# WORK ORDER
Beneath this line are the data; copy exactly the part of them that opens with the line containing "Funny Bigfoot Blue" and closes with the line containing "English Elm 70", and only that part.

Top of INFORMATION SHOWN

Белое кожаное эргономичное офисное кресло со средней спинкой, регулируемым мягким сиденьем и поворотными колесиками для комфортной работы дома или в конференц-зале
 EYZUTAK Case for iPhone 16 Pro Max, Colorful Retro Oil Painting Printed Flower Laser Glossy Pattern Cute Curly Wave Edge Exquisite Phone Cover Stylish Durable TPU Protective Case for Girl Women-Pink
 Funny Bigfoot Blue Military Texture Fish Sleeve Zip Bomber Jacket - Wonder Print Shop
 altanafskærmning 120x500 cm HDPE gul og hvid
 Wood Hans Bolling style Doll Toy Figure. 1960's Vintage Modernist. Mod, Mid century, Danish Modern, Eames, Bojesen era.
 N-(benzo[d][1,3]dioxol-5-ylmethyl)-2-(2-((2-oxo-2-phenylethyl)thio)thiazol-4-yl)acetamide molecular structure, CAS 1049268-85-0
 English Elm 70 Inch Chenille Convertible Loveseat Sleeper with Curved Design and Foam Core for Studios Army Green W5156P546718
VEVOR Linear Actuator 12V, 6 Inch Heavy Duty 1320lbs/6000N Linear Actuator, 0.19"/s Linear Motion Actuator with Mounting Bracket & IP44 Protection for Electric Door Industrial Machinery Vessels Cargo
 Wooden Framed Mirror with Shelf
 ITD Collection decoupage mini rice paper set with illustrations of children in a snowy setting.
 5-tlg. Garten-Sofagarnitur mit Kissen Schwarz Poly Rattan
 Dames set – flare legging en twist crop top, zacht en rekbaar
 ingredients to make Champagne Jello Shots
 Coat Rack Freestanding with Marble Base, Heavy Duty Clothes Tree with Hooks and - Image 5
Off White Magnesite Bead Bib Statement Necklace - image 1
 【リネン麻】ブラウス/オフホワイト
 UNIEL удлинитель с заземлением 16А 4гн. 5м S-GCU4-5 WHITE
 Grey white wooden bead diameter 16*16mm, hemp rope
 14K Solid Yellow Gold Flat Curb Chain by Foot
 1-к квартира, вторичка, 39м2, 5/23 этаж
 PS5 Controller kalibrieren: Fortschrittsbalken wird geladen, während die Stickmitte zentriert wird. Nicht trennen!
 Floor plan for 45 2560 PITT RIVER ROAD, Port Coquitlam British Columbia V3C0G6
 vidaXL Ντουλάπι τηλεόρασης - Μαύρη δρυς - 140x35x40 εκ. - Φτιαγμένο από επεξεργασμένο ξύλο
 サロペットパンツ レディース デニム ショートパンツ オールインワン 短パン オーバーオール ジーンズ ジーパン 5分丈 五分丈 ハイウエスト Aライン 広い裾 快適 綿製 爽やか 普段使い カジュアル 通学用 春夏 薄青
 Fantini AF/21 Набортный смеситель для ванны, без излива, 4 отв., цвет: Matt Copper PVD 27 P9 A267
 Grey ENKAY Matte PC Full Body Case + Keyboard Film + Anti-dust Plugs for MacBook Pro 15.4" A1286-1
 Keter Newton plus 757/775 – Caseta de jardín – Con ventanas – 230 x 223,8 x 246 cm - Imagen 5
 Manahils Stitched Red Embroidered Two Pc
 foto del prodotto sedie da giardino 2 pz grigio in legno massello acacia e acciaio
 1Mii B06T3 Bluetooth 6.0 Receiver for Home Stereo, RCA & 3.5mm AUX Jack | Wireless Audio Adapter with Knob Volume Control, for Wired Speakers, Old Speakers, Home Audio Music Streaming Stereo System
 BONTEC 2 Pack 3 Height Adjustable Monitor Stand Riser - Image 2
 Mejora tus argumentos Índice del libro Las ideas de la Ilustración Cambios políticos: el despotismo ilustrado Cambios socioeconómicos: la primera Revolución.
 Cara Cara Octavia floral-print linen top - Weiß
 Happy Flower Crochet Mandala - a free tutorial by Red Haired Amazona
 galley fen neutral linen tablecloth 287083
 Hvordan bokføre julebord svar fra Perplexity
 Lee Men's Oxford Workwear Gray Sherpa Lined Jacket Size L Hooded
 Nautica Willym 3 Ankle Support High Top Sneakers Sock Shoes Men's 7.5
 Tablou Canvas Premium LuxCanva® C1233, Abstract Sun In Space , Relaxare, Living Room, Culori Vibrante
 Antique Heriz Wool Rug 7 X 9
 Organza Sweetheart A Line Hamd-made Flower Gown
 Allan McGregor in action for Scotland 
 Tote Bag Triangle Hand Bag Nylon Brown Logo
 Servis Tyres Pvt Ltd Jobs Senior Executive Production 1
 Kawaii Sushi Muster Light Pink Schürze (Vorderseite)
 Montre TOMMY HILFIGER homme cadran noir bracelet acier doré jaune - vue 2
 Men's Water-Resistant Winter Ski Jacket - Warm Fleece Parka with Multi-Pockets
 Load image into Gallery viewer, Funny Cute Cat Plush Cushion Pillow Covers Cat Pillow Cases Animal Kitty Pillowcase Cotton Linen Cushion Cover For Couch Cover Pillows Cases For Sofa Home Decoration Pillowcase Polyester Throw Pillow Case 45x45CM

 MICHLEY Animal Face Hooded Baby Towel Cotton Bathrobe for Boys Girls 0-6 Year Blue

Bottom of INFORMATION SHOWN

# EXERCISE RESULT
 Funny Bigfoot Blue Military Texture Fish Sleeve Zip Bomber Jacket - Wonder Print Shop
 altanafskærmning 120x500 cm HDPE gul og hvid
 Wood Hans Bolling style Doll Toy Figure. 1960's Vintage Modernist. Mod, Mid century, Danish Modern, Eames, Bojesen era.
 N-(benzo[d][1,3]dioxol-5-ylmethyl)-2-(2-((2-oxo-2-phenylethyl)thio)thiazol-4-yl)acetamide molecular structure, CAS 1049268-85-0
 English Elm 70 Inch Chenille Convertible Loveseat Sleeper with Curved Design and Foam Core for Studios Army Green W5156P546718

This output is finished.